The unstoppable rise and sudden downfall of Tucker Carlson
Tucker Carlson’s invincibility spell may have finally worn off.
On Monday, Fox News announced it was abruptly cutting ties with the hugely popular host, the most widely viewed cable news figure in the country. The decision seemed to be a last-minute one: Carlson, who started at the network as a contributor in 2009, didn’t say goodbye to his audience on air and told viewers he would see them on Monday.

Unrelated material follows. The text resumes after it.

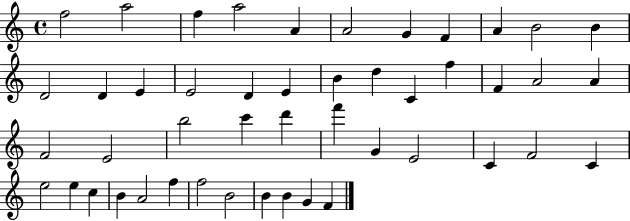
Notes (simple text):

F5/h A5/h F5/q A5/h A4/q A4/h G4/q F4/q A4/q B4/h B4/q D4/h D4/q E4/q E4/h D4/q E4/q B4/q D5/q C4/q F5/q F4/q A4/h A4/q F4/h E4/h B5/h C6/q D6/q F6/q G4/q E4/h C4/q F4/h C4/q E5/h E5/q C5/q B4/q A4/h F5/q F5/h B4/h B4/q B4/q G4/q F4/q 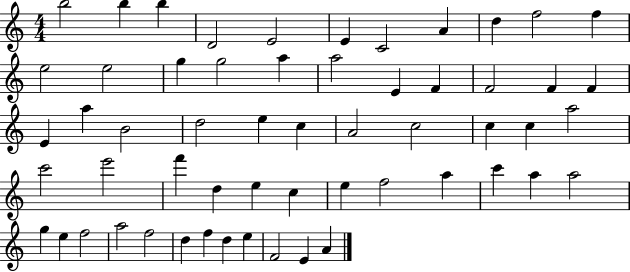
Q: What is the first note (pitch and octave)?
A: B5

The conservative broadcasting juggernaut has endured advertiser boycotts, calls for his resignation from civil rights leaders, and a view, as The New York Times put it, that his programme “may be the most racist show in the history of cable news,” yet continued to grow his mammoth audience to an average of nearly 3.5 million viewers a night in 2022. For a time, Republican gossip suggested Carlson should be the party’s presidential candidate in 2024.
But it wasn’t something Carlson said that may have spelled his end at Fox News — or at least, no one thing in particular. Instead, a pair of lawsuits challenged the institution as a whole on how it treated its own employees and how it treated the truth itself.

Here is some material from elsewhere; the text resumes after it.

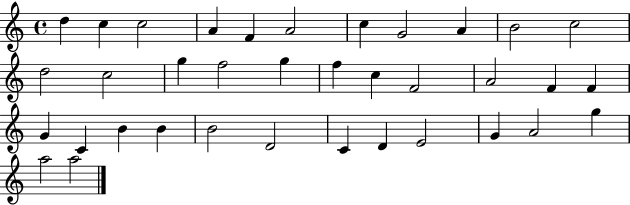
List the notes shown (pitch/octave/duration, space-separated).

D5/q C5/q C5/h A4/q F4/q A4/h C5/q G4/h A4/q B4/h C5/h D5/h C5/h G5/q F5/h G5/q F5/q C5/q F4/h A4/h F4/q F4/q G4/q C4/q B4/q B4/q B4/h D4/h C4/q D4/q E4/h G4/q A4/h G5/q A5/h A5/h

The network hasn’t done much in explaining why its partnership with Carlson is over.
“FOX News Media and Tucker Carlson have agreed to part ways,” the network said in a statement shared with The Independent. “We thank him for his service as a host and prior to that as a contributor.”
The host was only informed of his departure on Monday morningThe New York Times reported, acting on what The Los Angeles Times said was a direct order from Fox News owner Rupert Murdoch.
It’s impossible to ignore, however, the network’s recent legal troubles, and Carlson’s central role within them.
Less than a week ago, Fox News agreed to pay $787.5m to settle a defamation lawsuit from Dominion Voting Systems, which alleged the conservative network aired false claims about the election technology company playing a role in the conservative conpiracy that holds the 2020 election was rigged.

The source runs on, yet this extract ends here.